[Opening RECORDS section]
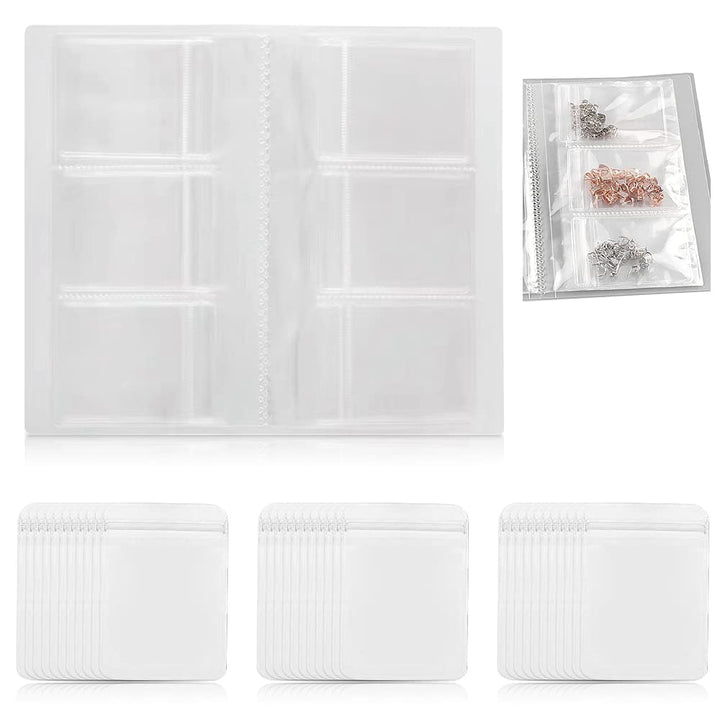 Jewelry Storage Book with 100 Pcs Zipper Lock Bag, Anti Oxidation Transparent Jewelry Organizer Book Album, Portable Jewelry Display Book, Holder Book for Earring, Necklace, Rings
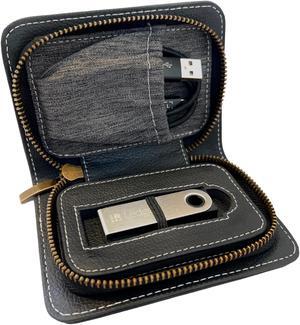 Soul Technologies Cryptocurrency Hardware Wallet Case - Luxury Crypto Wallet Case Compatible with Ledger Nano X/S Plus - Protective Vegan Leather Hard Case Wallet for Crypto and NFTs (Black Slimline)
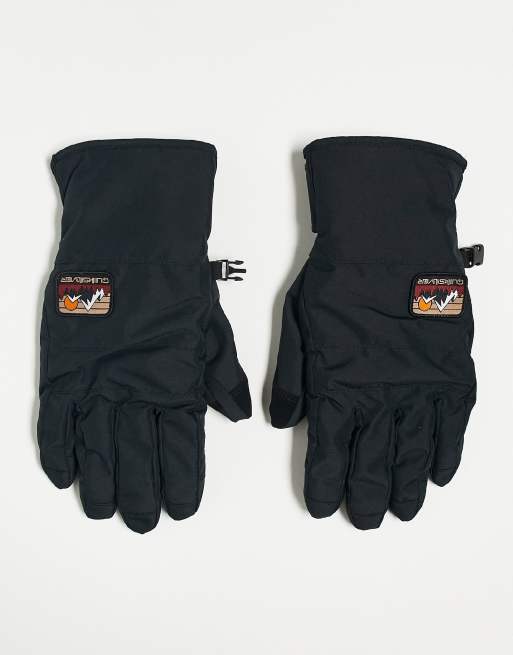 Guantes negros con diseño cruzado de Quiksilver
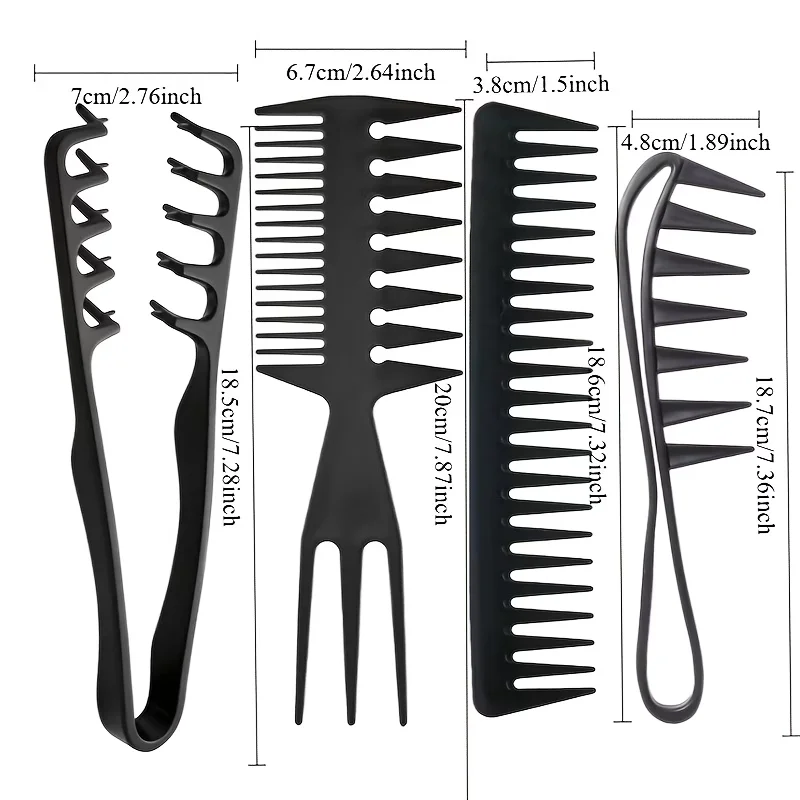 4-teiliges Styling-Kamm-Set für Männer, Antistatische Breitzahn-Volumen-Kämme für Pompadour und Slick Back, für Friseur und Heimgebrauch – Detail 6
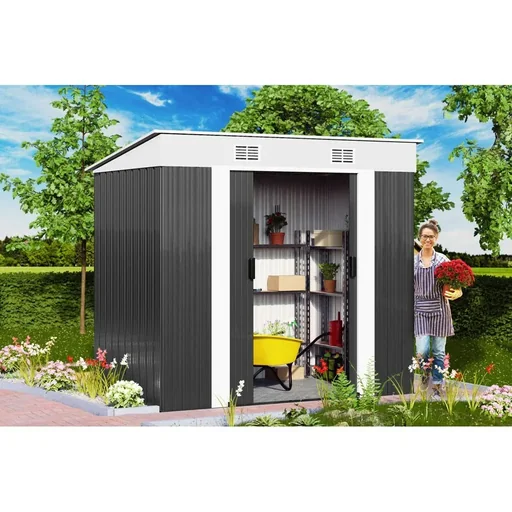 "Gartenhaus anthrazitfarbenes Metall 196 x 122 x180 cm image"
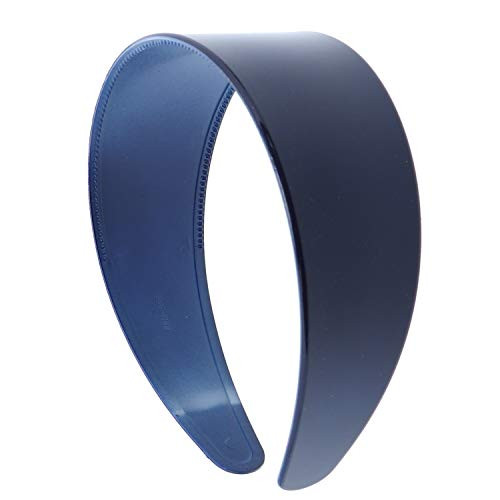 Motique Accessories Navy 2 Inch Hard Plastic Headband with Teeth Women and Girls wide Hair band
[Closing RECORDS section]
Retype the lines from the one containing "Guantes negros con" down to the last line of the records, both included, exactly and nothing more. Pictures stay out.

 Guantes negros con diseño cruzado de Quiksilver
 4-teiliges Styling-Kamm-Set für Männer, Antistatische Breitzahn-Volumen-Kämme für Pompadour und Slick Back, für Friseur und Heimgebrauch – Detail 6
 "Gartenhaus anthrazitfarbenes Metall 196 x 122 x180 cm image"
 Motique Accessories Navy 2 Inch Hard Plastic Headband with Teeth Women and Girls wide Hair band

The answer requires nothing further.